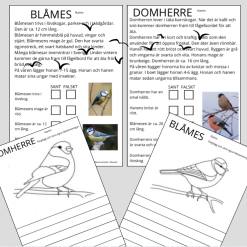 Läsförståelse blåmes och domherre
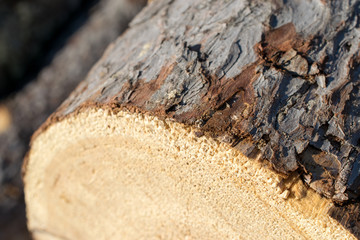 Closeup of Larch Log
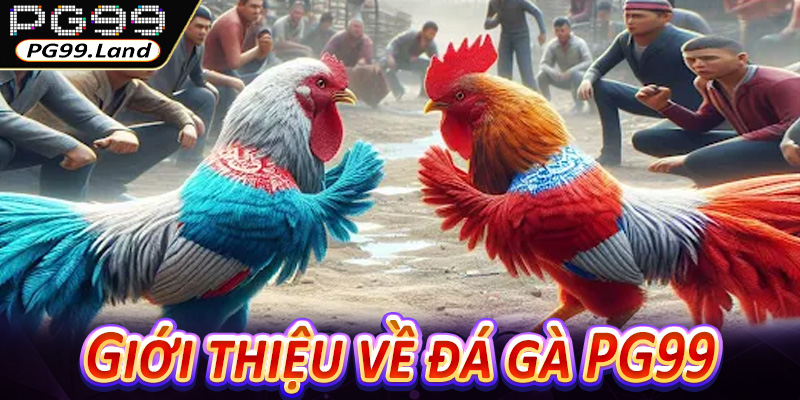 Giới thiệu về đá gà PG99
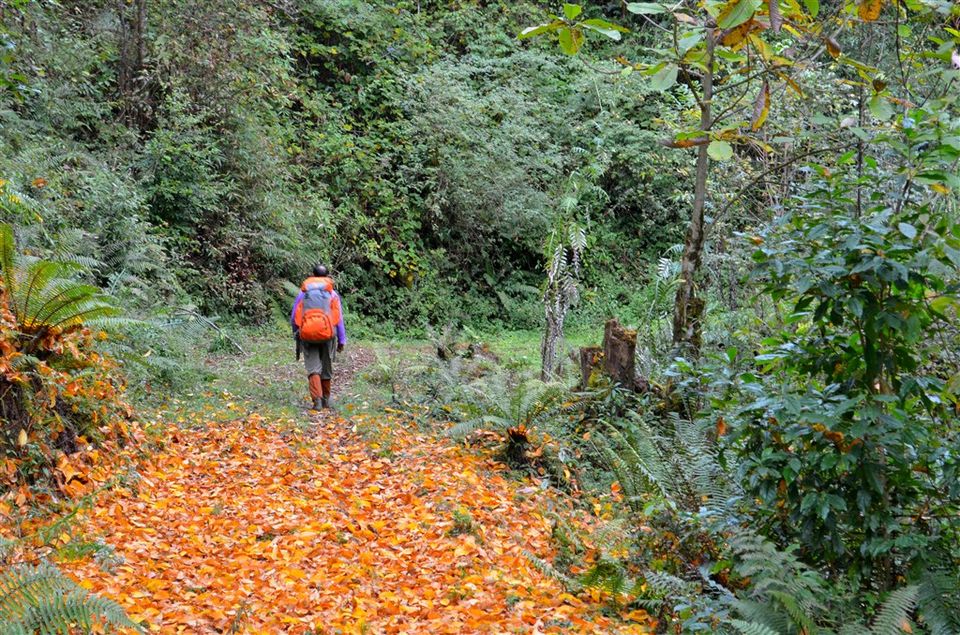 Photo of A Virgin Trail Has Been Explored In Arunachal Pradesh And You Can Trek It This January 3/5 by Indiahikes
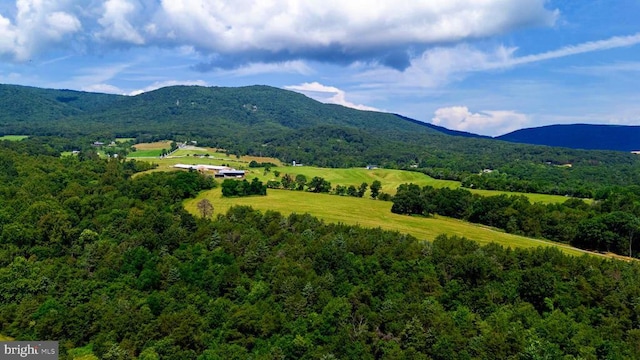 12 Shuler Ln, Stanley, VA 22851 - photo 10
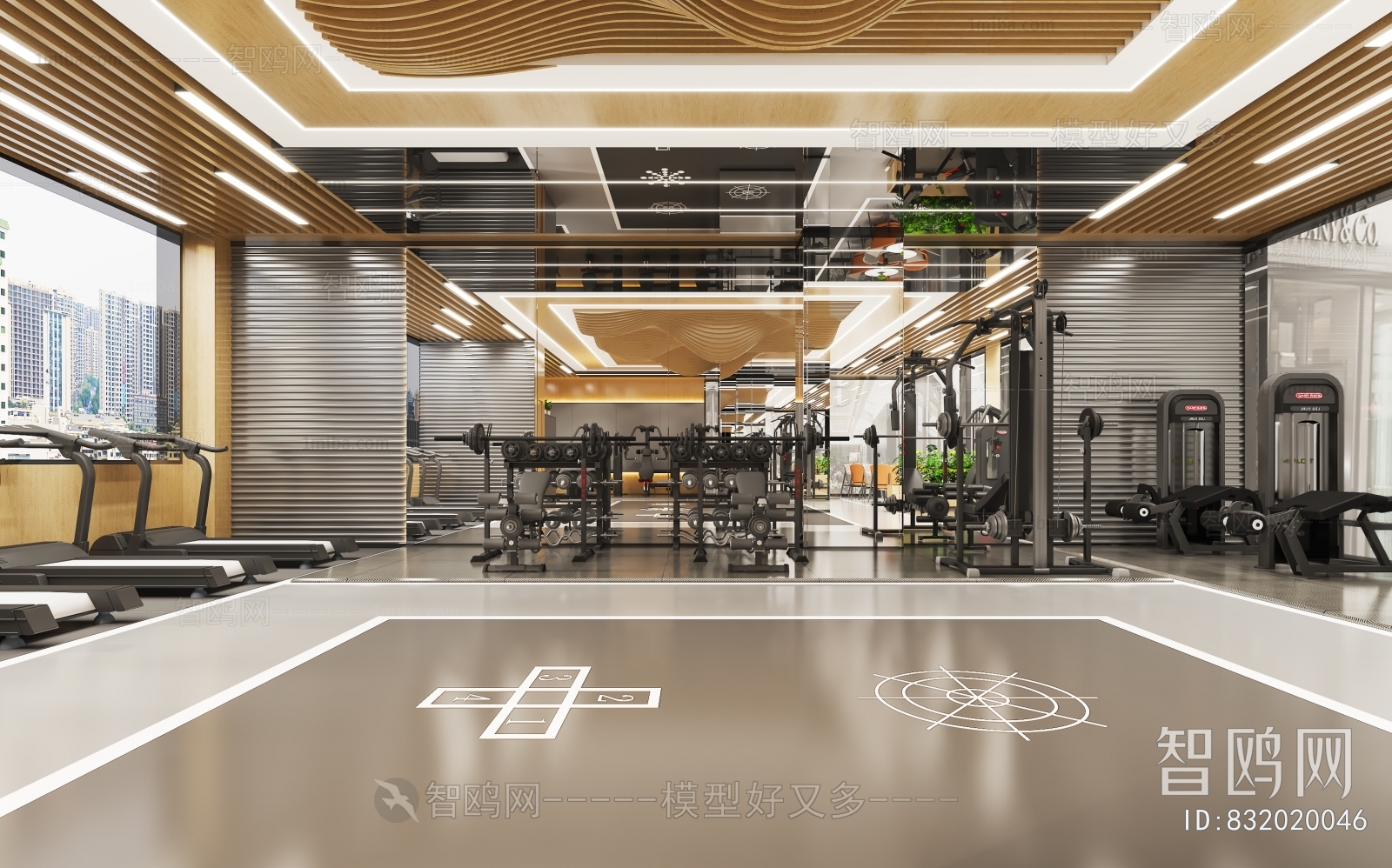 Modern Gym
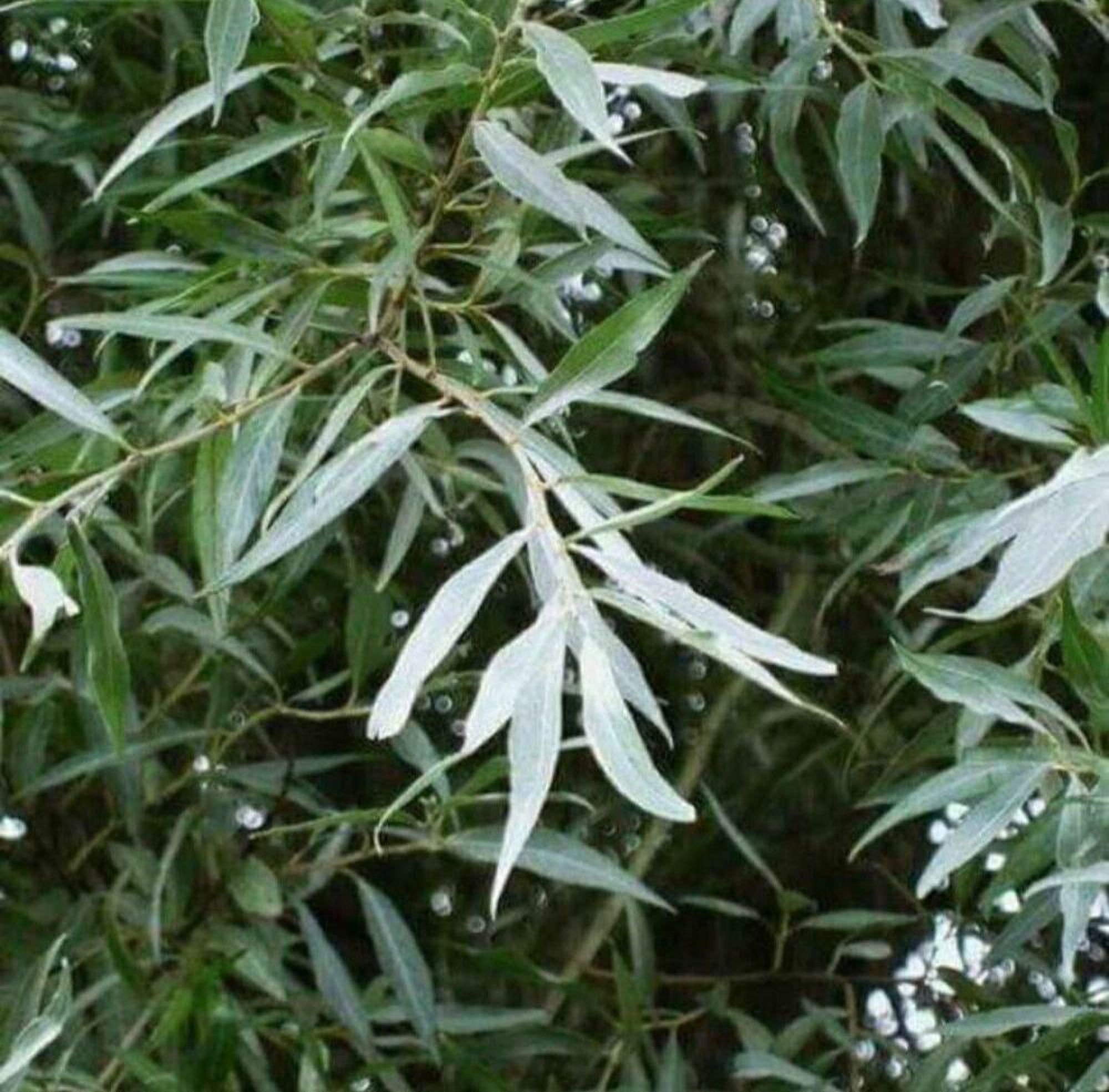 Fast Growing Trees 50 Hybrid Willow Trees – Fast-Growing Austree Plants ...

§ **WHAT YOU WILL DO**:
Please print the records above word for word, leaving every image out.

§ **YOUR SOLUTION**:
 Läsförståelse blåmes och domherre
 Closeup of Larch Log
 Giới thiệu về đá gà PG99
 Photo of A Virgin Trail Has Been Explored In Arunachal Pradesh And You Can Trek It This January 3/5 by Indiahikes
 12 Shuler Ln, Stanley, VA 22851 - photo 10
 Modern Gym
 Fast Growing Trees 50 Hybrid Willow Trees – Fast-Growing Austree Plants ...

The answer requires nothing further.